The ceremony concluded.

The mother and the father of the owner of the coffin thanked the guests of the funeral for their visit, as a nanny watched over the couple’s remaining child. The little boy, a child no older than five or six rotations, gazed in austere curiousity at this farcical tragedy, with a group of faceless adults as the players. The nanny was abruptly diverted by a few guests, and the boy suddenly found himself alone. Mechanically, he reached up and grasped the ethereally translucent hand of the ghost girl standing by his side, the girl only his childish eyes could see. He clutched the hand securely in his small first.

“Why’s Mommy crying?” he asks, whisperingly.

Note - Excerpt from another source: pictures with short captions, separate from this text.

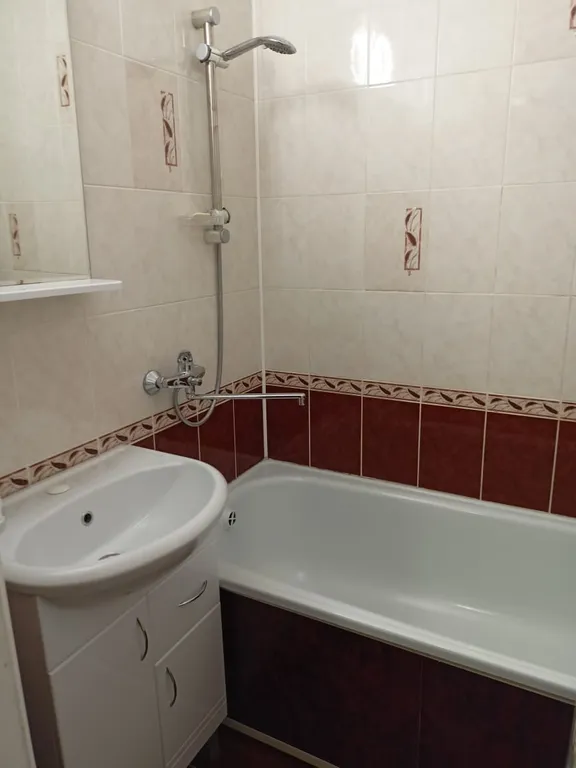 Просторная двушка рядом с жд вокзалом и ас № 1, круглосут. заселение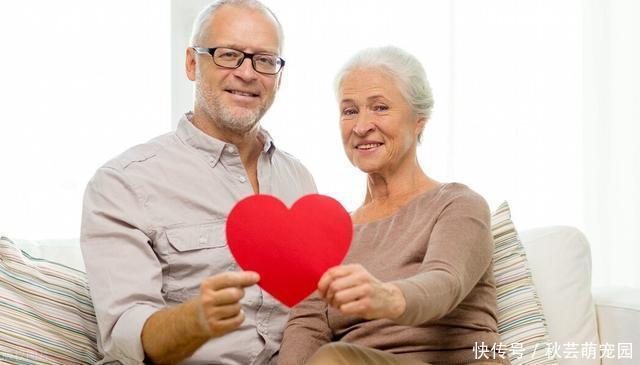 什么时间刷牙，泡脚，散步洗澡好？老年人养生，把握4个黄金时间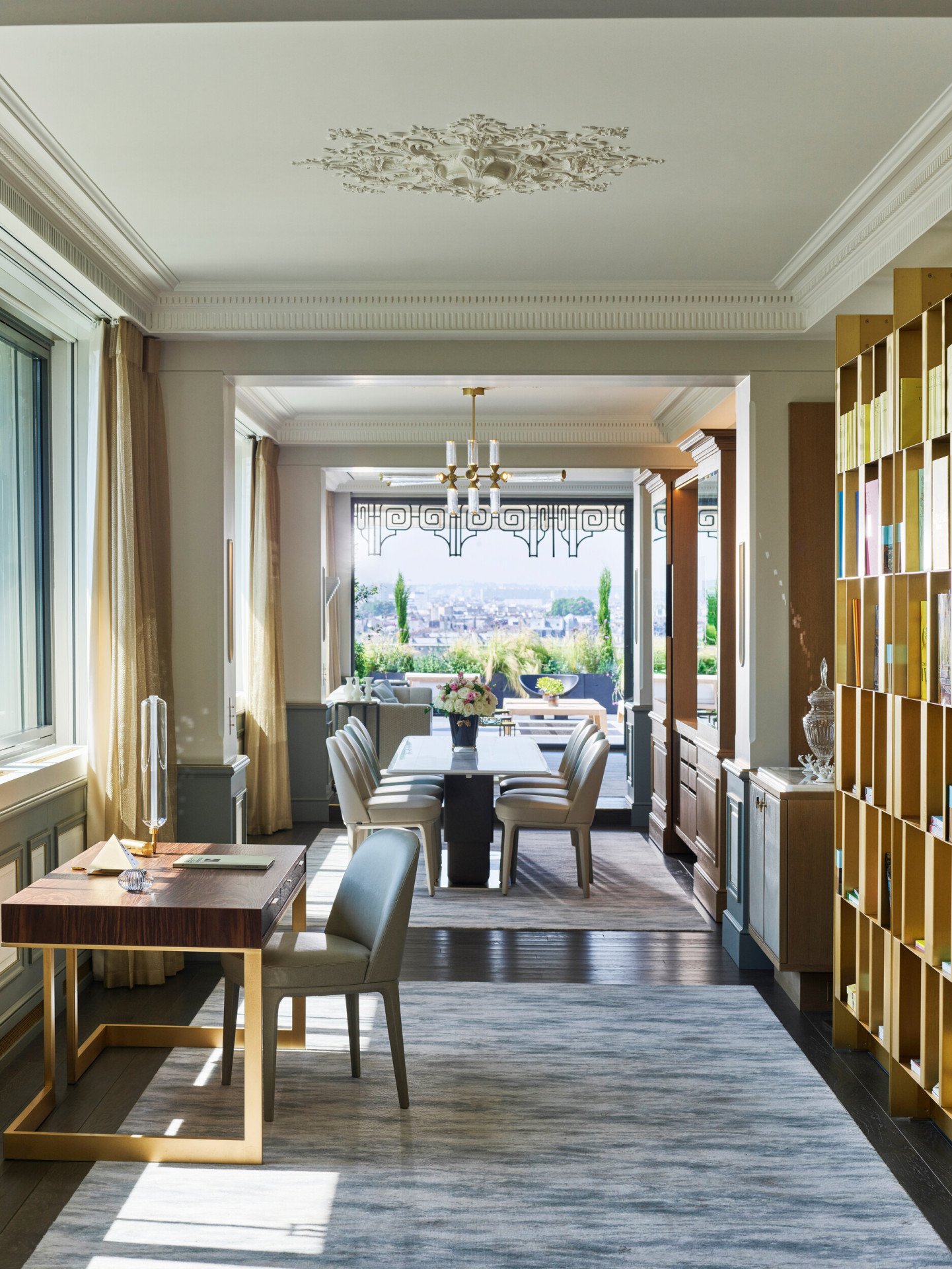 Salle à manger avec vue sur la suite Belle Etoile du Meurice, Paris.
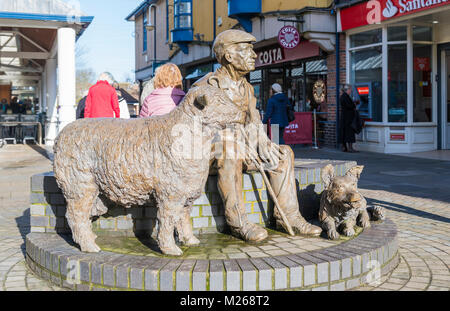 Statua di montoni in arieti passeggiata shopping arcade in Petersfield, Hampshire, Inghilterra, Regno Unito. Foto Stock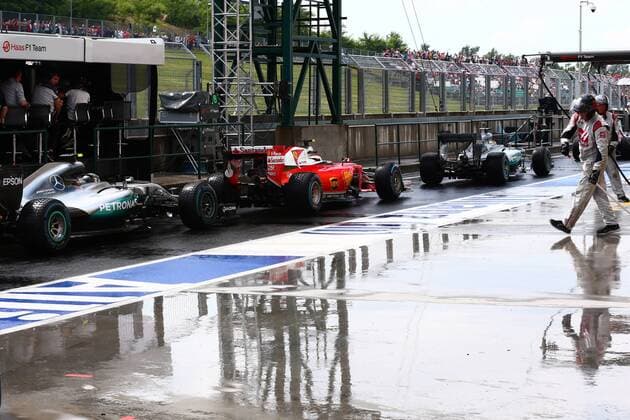 Hungarian Grand Prix, Hungaroring, Budapest 21 - 24 July 2016 23.07.2016 - Qualifying, Nico Rosberg (GER) Mercedes AMG F1 W07 Hybrid, Kimi Raikkonen (FIN) Scuderia Ferrari SF16-H and Lewis Hamilton (GBR) Mercedes AMG F1 W07 Hybrid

“Because I’m gone,” the ghost girl replied.

“Is Mommy sad?”

“I dunno. Maybe. I dunno.”

“Is Daddy sad, too?”

“Dunno.”

The little boy and the ghost girl continue to hold hands as they watched the people depart from the little mausoleum, each of them taking an automobile to another locale for yet another false remembrance, tainted with a false pity, for a girl they did not know, a girl they did not care for, and a girl that they will ultimately never remember. The ghost laughs a little, mockingly, as she tightens her hand around the boy.

“What’s so funny?”

“Oh, it’s nothing,” says the ghost. “Something you will learn when you get older. You can see me now, right?”

The boy nods.

“But one day, you will be like those people—” she points to the crowd of clowns, “—one day, you will be one of them. One day, you will forget me, and who I was. One day, you won’t be you, anymore. But don’t be afraid; be brave, Sam, I believe in you.” The ghost smiles at the little boy kindly. “When you are one of them, on that brightly lit stage, don’t be afraid. Speak with your voice, let it echo, and let it ripple.”

“Were you afraid?”

The ghost thinks a little. “Maybe I was. I don’t remember anymore. I just wanted to see, Sam, I wanted to see what it was all about—cheat, if you will, to get all the answers. I don’t belong in this world, Sam. I was always a ghost amongst people with flesh and blood. I was always opaque and translucent.” The ghost stares at her audience. “I didn’t want to be part of that circus. It was…too painful, I think now. But, it doesn’t have to be that way for you, Sam.”

The ghost girl squeezes the tiny hand of the little boy and smiles at him lovingly.

“Remember this, Sam, life is naught without borderline; you and I are a pendulum, and it’s okay to sway back and forth. It’s okay to be a jester, and to laugh and cry; it’s okay to be part of the circus. I know you don’t understand, and you probably never will, and that’s okay too. It’s going to be okay.”

The mother and the father finish greeting the guests, and the ghost girl feels the completion of her last hour.

“I have to go.”

“No…”

“Sorry. It’s going to be okay, Sam. It’s going to be okay.”

“I love you…I’ll miss you.”

“I love you, too, Sam.”

She smiles nostalgically as she plants a soft, ghostly kiss on the boy’s forehead. With a final, parting farewell wave, she disappears.

“Sweetie…are you all right?”

“Yes, son—who were you just waving at?”

“I was waving at Rachel. I was saying good-bye.”